Using milk urea nitrogen to improve the efficiency of protein utilization in dairy herds | Dellait

Álvaro García

Milk urea nitrogen (MUN) is a low-cost, practical indicator that appears on most routine milk testing reports from processors and DHI services. While producers routinely track fat, protein, somatic cell count, and yield, MUN offers unique insight into how well dietary protein is being utilized by the cow. Among all the macronutrients in a dairy ration, protein is typically the most expensive per unit when supplemented, making it especially important to monitor its use efficiency. When MUN is too high, it may indicate that protein is overfed or is not well balanced with fermentable energy. If too low, it can suggest protein shortages that may limit performance.

What makes MUN especially valuable is that it does not require extra testing or cost, you are likely already receiving this data. Interpreting MUN alongside dietary factors, especially the ratio of non-fiber carbohydrates (NFC) to crude protein (CP), can help adjust rations to reduce feed waste and improve nitrogen efficiency. Lowering MUN also reduces urinary nitrogen losses and the formation of ammonia in barns, which not only benefits the environment but also improves air quality and preserves the nutrient value of manure. At a time when feed costs are high and environmental expectations are growing, MUN is a simple, accessible tool to help producers make more informed and cost-effective feeding decisions.

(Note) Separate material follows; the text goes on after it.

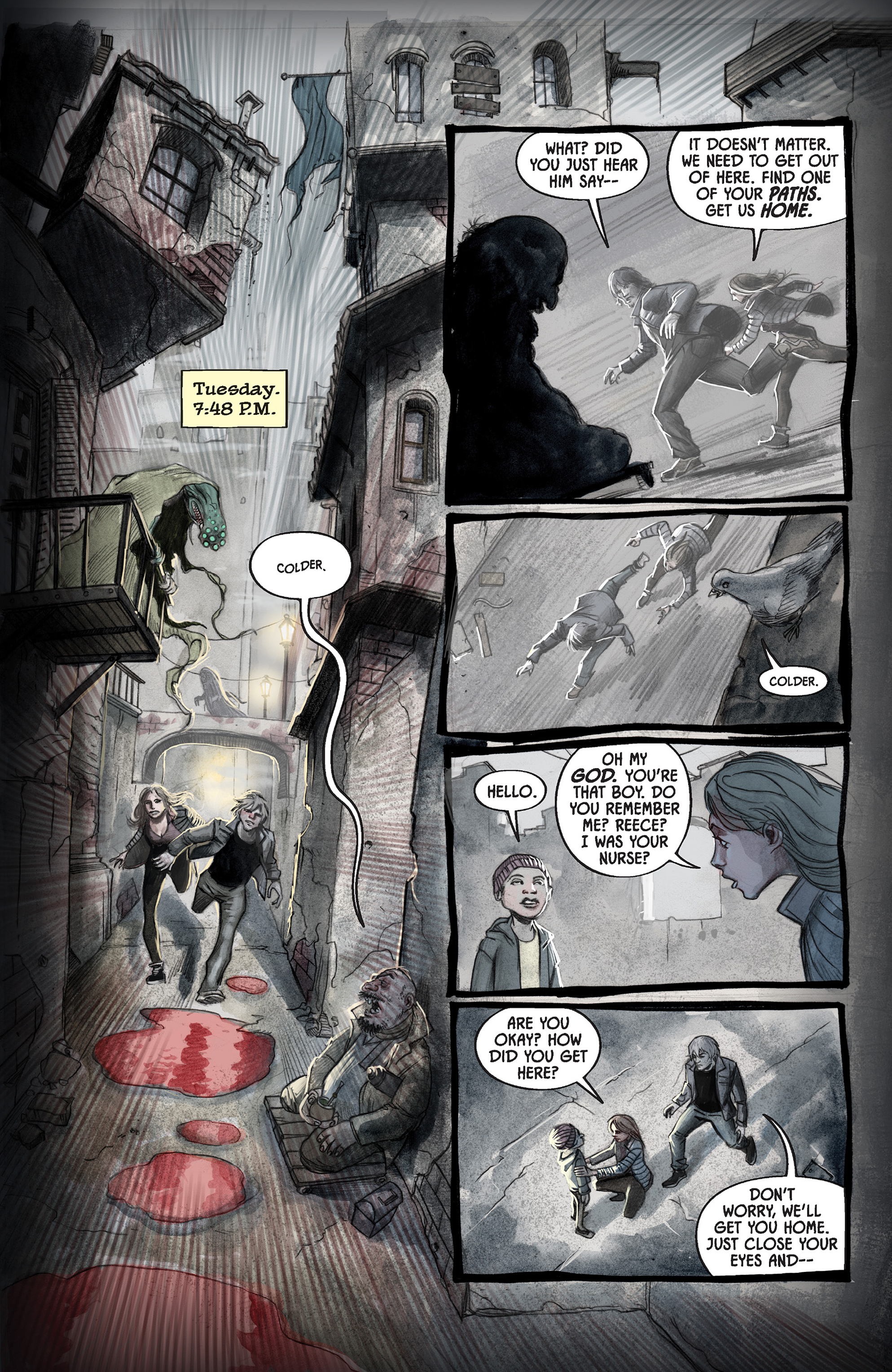 Read online Colder: Toss the Bones comic -  Issue #4 - 3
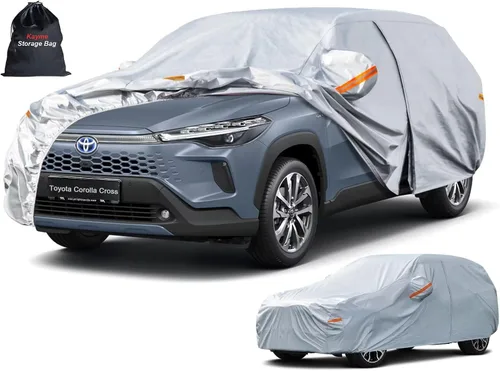 Vista 13 de Kayme Funda para Automóvil SUV de 6 Capas Ajuste Personalizado para Acura MDX (2001-2025) Impermeable Todo Clima para Automóviles, Cubierta Completa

Main dietary contributors to MUN

Recent research, including a comprehensive meta-analysis by Zhao et al. (2025), has helped clarify which dietary components most strongly influence MUN concentrations. One of the most consistent findings was the importance of the dietary NFC to CP ratio. When this ratio was too low (i.e., high CP relative to NFC), MUN tended to rise. When the ratio was too high, indicating insufficient protein, MUN dropped. This relationship highlights the importance of balancing rumen-available energy and protein to ensure efficient microbial protein synthesis and minimal nitrogen waste.

Follow these general guidelines for the best balance:

• Keeping MUN average between 8 and 16 mg/dL helps balance feed efficiency and nitrogen losses.
• Maintaining NFC/CP ratios between 2.15 and 3.60 are generally associated with MUN in the desired range.
• Consequences of extreme MUN values:
  • MUN >16 mg/dL may indicate excessive protein or insufficient fermentable energy. Solutions include lowering dietary protein or adding energy (e.g., ground corn, molasses).
  • MUN <8 mg/dL can suggest protein deficiency, requiring evaluation of CP sources or increasing rumen-degradable protein.

Because urea from urine is rapidly converted into ammonia, high MUN also contributes to ammonia emissions, affecting barn air quality and nitrogen losses from manure. By optimizing MUN, producers not only reduce input costs but also lower emissions and retain more nitrogen in the manure for use as fertilizer.

Pasture-based vs. TMR-fed cows

While the NFC/CP ratio is a key factor influencing MUN, it is important to recognize that MUN responses can differ depending on the production system. In confinement operations, where cows are fed a total mixed ration, producers have more control and can adjust the balance of CP and NFC with precision. In contrast, grazing systems allow cows to selectively consume the most vegetative parts of the plant, oftentimes the top one-third to one-half of the sward, which are typically higher in crude protein and lower in readily fermentable carbohydrates. This selection behavior, especially during periods of rapid pasture growth, results in increased dietary rumen-degradable protein relative to energy, often leading to elevated MUN. It is not uncommon for grazing herds, particularly those on vegetative, lush pasture, to show MUN exceeding 20 mg/dL without necessarily indicating poor management.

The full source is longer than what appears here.